Data for analysis Block Start
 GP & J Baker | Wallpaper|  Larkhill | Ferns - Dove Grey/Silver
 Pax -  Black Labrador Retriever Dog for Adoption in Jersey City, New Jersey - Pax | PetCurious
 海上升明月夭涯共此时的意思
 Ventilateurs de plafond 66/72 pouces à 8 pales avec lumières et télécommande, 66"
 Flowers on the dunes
Data for analysis Block End
Data for analysis Block Start
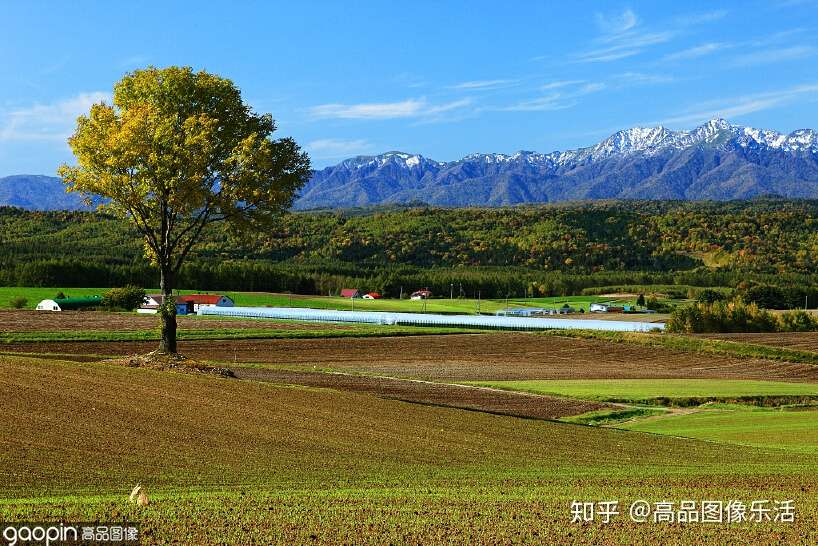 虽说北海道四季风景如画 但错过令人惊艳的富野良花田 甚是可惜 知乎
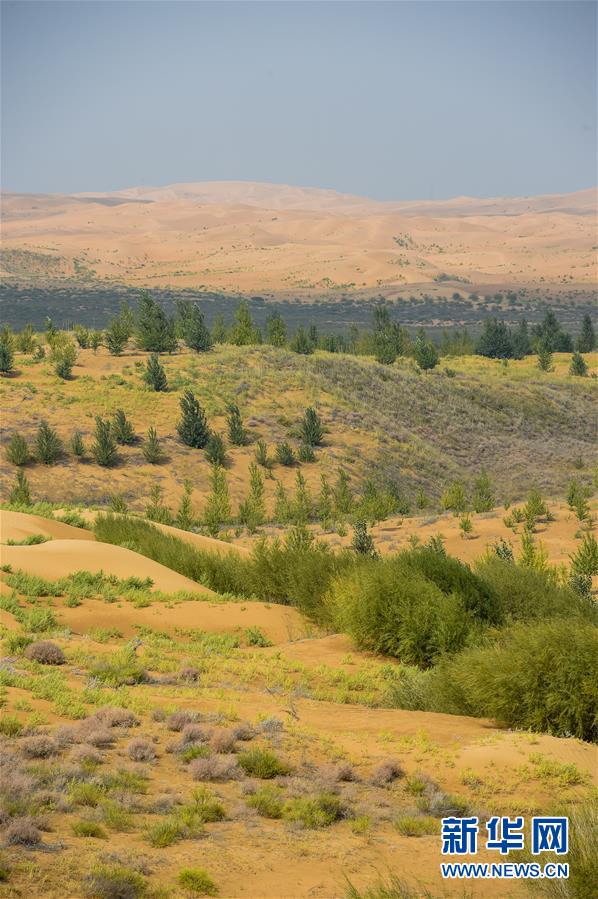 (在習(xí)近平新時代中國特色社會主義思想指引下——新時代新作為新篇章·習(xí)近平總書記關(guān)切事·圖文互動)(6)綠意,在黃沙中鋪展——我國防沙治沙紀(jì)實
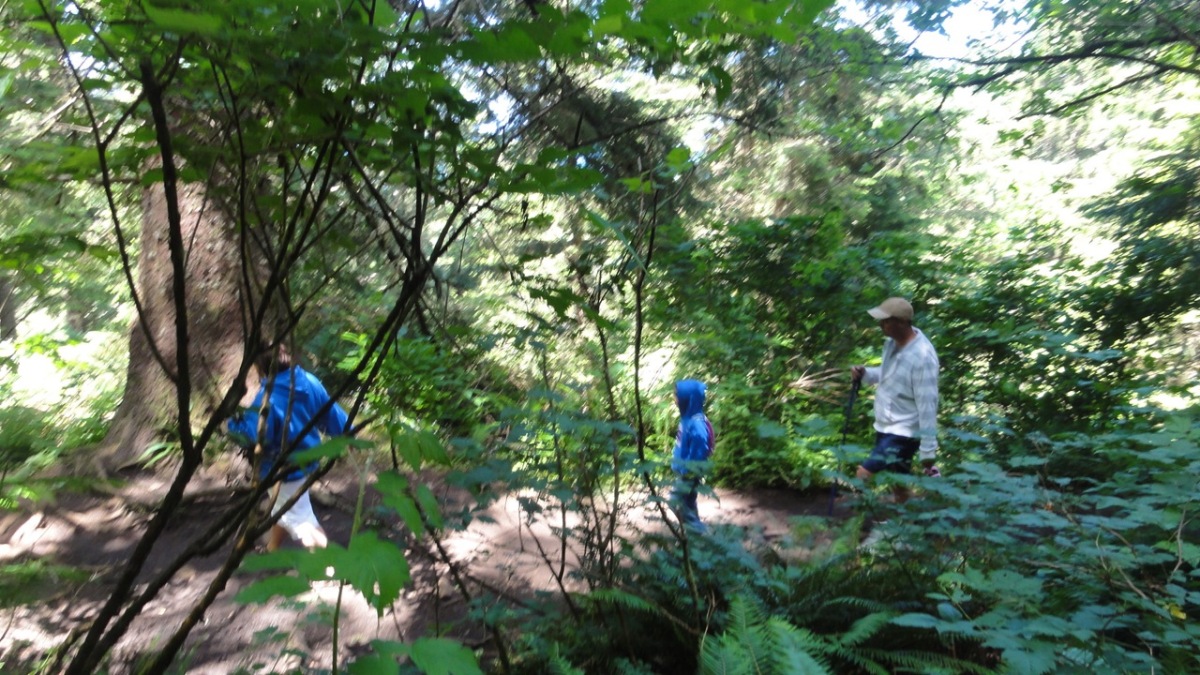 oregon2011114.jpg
Data for analysis Block End
» Task statement
Copy nothing but the lines above from the one with "(在習(xí)近平新時代中國" to the one with "oregon2011114.jpg", inclusive, word for word. Leave every picture out.

» Output for this task
 (在習(xí)近平新時代中國特色社會主義思想指引下——新時代新作為新篇章·習(xí)近平總書記關(guān)切事·圖文互動)(6)綠意,在黃沙中鋪展——我國防沙治沙紀(jì)實
 oregon2011114.jpg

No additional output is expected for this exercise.